Luana Machado Terto[1]
A dissertação analisa a responsabilidade civil do doador nas inseminações caseiras à luz do Direito das Famílias contemporâneo, destacando que a Constituição Federal de 1988 transformou o conceito jurídico de família ao reconhecer novas formas de parentalidade e vínculos afetivos. O estudo demonstra que os avanços da reprodução assistida ampliaram as possibilidades de constituição familiar, mas a ausência de legislação específica sobre inseminação caseira gera insegurança jurídica quanto à filiação, ao registro civil, à responsabilidade do doador, à autonomia reprodutiva e à proteção da criança.

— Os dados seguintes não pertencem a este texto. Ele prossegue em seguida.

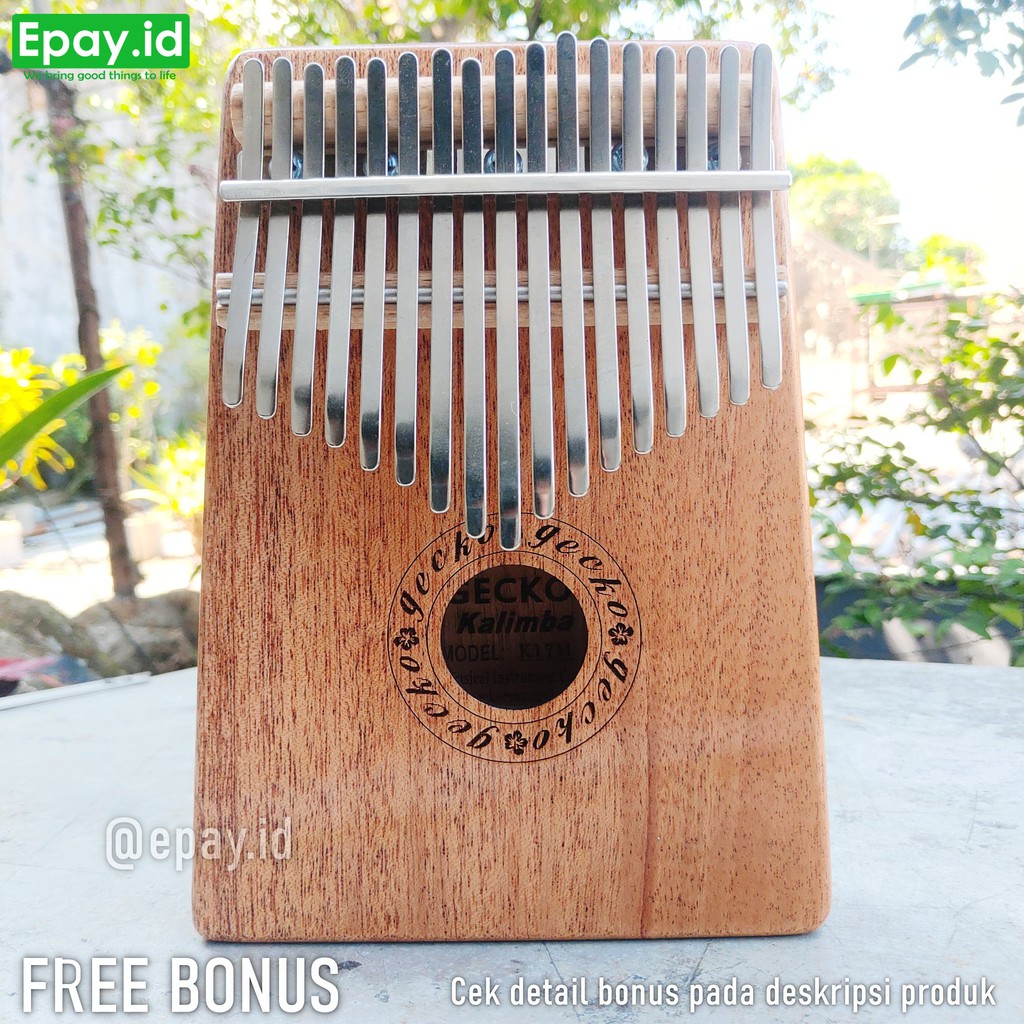 GECKO K17M Kalimba 17 Keys Solid Mahogany Natural Mbira FREE BONUS April Yang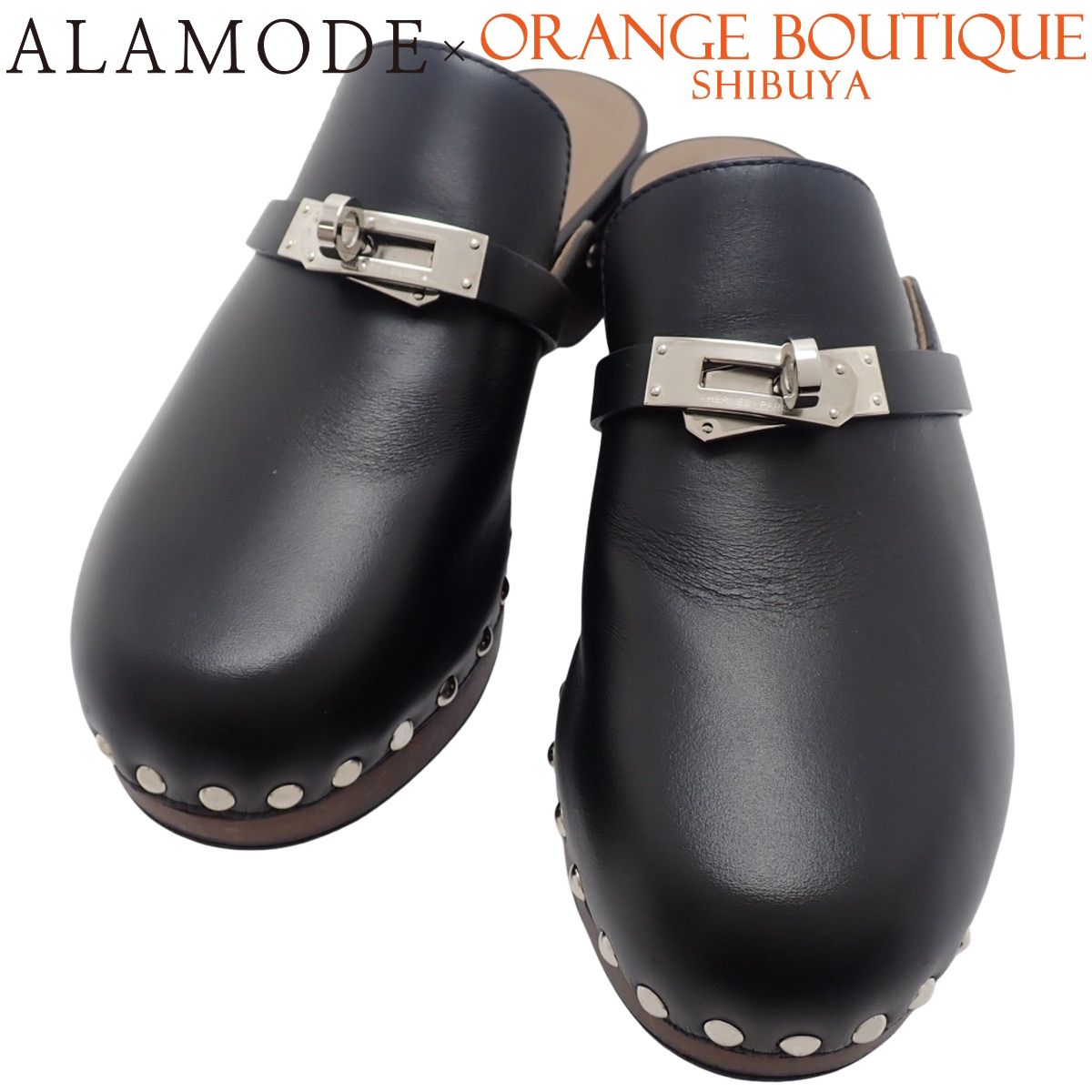 HERMES エルメス カルロッタ ブラック黒 レザー パラジウム金具 シルバー金具 サンダル ミュール 靴 くつ シューズ ケリー金具 レディース アラモード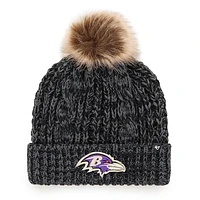 Women's '47 Black Baltimore Ravens Meeko Cuffed Knit Hat with Pom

Inicialmente, a pesquisa desenvolve ampla análise histórica sobre a evolução do conceito de família e filiação, demonstrando que a família sofreu profundas transformações ao longo da história, influenciadas por fatores sociais, econômicos, culturais e religiosos. A dissertação resgata as teorias clássicas sobre a origem da família e do Estado, utilizando fundamentos antropológicos e sociológicos, especialmente as contribuições de Engels[2], Morgan[3], e Dalmo de Abreu Dallari[4], evidenciando que durante séculos predominou o modelo patriarcal estruturado na autoridade masculina e na centralização patrimonial. Segundo as lições de Maria Berenice Dias[5] e Rolf Madaleno[6], demonstrou-se que a constitucionalização do Direito de Família, especialmente após a Constituição de 1988, promoveu verdadeira ruptura paradigmática ao reconhecer a pluralidade das entidades familiares e valorizar a dignidade da pessoa humana, a afetividade, a igualdade entre os filhos e a liberdade no planejamento familiar. O estudo evidencia que o Direito das Famílias contemporâneo passou a reconhecer as uniões estáveis, as famílias monoparentais, as uniões homoafetivas, a parentalidade socioafetiva e a multiparentalidade, deslocando o eixo central da família da biologia para os vínculos afetivos e existenciais.

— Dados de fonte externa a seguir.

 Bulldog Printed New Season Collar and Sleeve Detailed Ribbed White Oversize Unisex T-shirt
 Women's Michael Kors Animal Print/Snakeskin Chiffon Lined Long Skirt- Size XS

Neste sentido, é analisada também a filiação à luz da Constituição Federal de 1988[7], demonstrando que o texto constitucional eliminou a histórica discriminação entre filhos legítimos e ilegítimos, consolidando o princípio da igualdade entre os filhos independentemente da origem biológica, matrimonial ou adotiva. O planejamento familiar é apresentado como direito fundamental vinculado à dignidade da pessoa humana, à liberdade individual, à autonomia reprodutiva e à paternidade responsável. Nesse contexto, examina-se a Lei nº 9.263/1996[8] e as políticas públicas relacionadas à saúde reprodutiva, enfatizando a insuficiência de acesso às técnicas de reprodução assistida no sistema público de saúde.
Outro aspecto central da pesquisa é a análise do direito fundamental à autonomia reprodutiva, compreendido como manifestação da autodeterminação existencial e da liberdade de construir projetos familiares. A infertilidade representa importante questão de saúde pública e os elevados custos das clínicas especializadas acabam restringindo o exercício pleno dos direitos reprodutivos por grande parcela da população brasileira. Nesse contexto, são examinadas as principais técnicas de reprodução assistida, incluindo a inseminação artificial, a fertilização in vitro (FIV), a reprodução heteróloga e a injeção intracitoplasmática de espermatozoides (ICSI)[9], bem como as resoluções do Conselho Federal de Medicina, especialmente a Resolução CFM nº 2.320/2022[10], responsável por disciplinar os aspectos éticos e técnicos dos procedimentos de reprodução assistida no Brasil.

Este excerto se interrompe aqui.